_ASSIGNED TASK_
Reproduce all of the material, keeping each line intact.

━━ DATA ━━

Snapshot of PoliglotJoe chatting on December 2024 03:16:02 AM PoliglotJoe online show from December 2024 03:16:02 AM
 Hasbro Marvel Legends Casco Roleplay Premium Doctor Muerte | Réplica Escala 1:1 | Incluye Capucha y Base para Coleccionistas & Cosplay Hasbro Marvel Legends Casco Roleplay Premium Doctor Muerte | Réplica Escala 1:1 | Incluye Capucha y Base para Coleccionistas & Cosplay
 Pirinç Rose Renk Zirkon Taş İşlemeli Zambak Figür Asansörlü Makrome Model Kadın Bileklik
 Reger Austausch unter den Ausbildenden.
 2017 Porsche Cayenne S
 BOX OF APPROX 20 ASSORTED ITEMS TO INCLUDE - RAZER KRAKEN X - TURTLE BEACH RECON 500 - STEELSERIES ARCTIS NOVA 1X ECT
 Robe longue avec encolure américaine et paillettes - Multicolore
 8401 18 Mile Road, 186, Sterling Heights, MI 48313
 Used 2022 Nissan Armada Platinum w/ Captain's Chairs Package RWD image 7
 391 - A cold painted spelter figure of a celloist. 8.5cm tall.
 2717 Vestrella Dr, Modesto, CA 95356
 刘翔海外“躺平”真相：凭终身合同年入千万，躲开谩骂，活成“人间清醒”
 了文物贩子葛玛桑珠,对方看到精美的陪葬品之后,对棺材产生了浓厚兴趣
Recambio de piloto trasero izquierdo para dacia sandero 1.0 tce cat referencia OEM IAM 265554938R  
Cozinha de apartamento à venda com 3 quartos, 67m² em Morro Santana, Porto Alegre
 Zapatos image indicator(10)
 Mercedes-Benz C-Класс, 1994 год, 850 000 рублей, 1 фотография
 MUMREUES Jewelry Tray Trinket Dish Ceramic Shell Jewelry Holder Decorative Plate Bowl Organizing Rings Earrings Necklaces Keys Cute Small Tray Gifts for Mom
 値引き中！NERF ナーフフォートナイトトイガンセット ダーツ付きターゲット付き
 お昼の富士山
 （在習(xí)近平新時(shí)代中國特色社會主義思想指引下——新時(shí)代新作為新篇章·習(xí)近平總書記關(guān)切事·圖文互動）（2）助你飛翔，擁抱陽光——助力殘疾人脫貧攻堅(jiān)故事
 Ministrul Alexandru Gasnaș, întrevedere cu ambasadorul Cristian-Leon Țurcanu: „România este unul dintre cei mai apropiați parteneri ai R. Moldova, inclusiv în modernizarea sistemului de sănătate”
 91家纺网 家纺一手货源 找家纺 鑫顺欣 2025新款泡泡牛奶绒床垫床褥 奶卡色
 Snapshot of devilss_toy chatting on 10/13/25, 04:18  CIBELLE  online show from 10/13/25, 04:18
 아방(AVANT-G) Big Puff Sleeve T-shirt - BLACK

━━━

_WRITTEN SOLUTION_
Snapshot of PoliglotJoe chatting on December 2024 03:16:02 AM PoliglotJoe online show from December 2024 03:16:02 AM
 Hasbro Marvel Legends Casco Roleplay Premium Doctor Muerte | Réplica Escala 1:1 | Incluye Capucha y Base para Coleccionistas & Cosplay Hasbro Marvel Legends Casco Roleplay Premium Doctor Muerte | Réplica Escala 1:1 | Incluye Capucha y Base para Coleccionistas & Cosplay
 Pirinç Rose Renk Zirkon Taş İşlemeli Zambak Figür Asansörlü Makrome Model Kadın Bileklik
 Reger Austausch unter den Ausbildenden.
 2017 Porsche Cayenne S
 BOX OF APPROX 20 ASSORTED ITEMS TO INCLUDE - RAZER KRAKEN X - TURTLE BEACH RECON 500 - STEELSERIES ARCTIS NOVA 1X ECT
 Robe longue avec encolure américaine et paillettes - Multicolore
 8401 18 Mile Road, 186, Sterling Heights, MI 48313
 Used 2022 Nissan Armada Platinum w/ Captain's Chairs Package RWD image 7
 391 - A cold painted spelter figure of a celloist. 8.5cm tall.
 2717 Vestrella Dr, Modesto, CA 95356
 刘翔海外“躺平”真相：凭终身合同年入千万，躲开谩骂，活成“人间清醒”
 了文物贩子葛玛桑珠,对方看到精美的陪葬品之后,对棺材产生了浓厚兴趣
Recambio de piloto trasero izquierdo para dacia sandero 1.0 tce cat referencia OEM IAM 265554938R  
Cozinha de apartamento à venda com 3 quartos, 67m² em Morro Santana, Porto Alegre
 Zapatos image indicator(10)
 Mercedes-Benz C-Класс, 1994 год, 850 000 рублей, 1 фотография
 MUMREUES Jewelry Tray Trinket Dish Ceramic Shell Jewelry Holder Decorative Plate Bowl Organizing Rings Earrings Necklaces Keys Cute Small Tray Gifts for Mom
 値引き中！NERF ナーフフォートナイトトイガンセット ダーツ付きターゲット付き
 お昼の富士山
 （在習(xí)近平新時(shí)代中國特色社會主義思想指引下——新時(shí)代新作為新篇章·習(xí)近平總書記關(guān)切事·圖文互動）（2）助你飛翔，擁抱陽光——助力殘疾人脫貧攻堅(jiān)故事
 Ministrul Alexandru Gasnaș, întrevedere cu ambasadorul Cristian-Leon Țurcanu: „România este unul dintre cei mai apropiați parteneri ai R. Moldova, inclusiv în modernizarea sistemului de sănătate”
 91家纺网 家纺一手货源 找家纺 鑫顺欣 2025新款泡泡牛奶绒床垫床褥 奶卡色
 Snapshot of devilss_toy chatting on 10/13/25, 04:18  CIBELLE  online show from 10/13/25, 04:18
 아방(AVANT-G) Big Puff Sleeve T-shirt - BLACK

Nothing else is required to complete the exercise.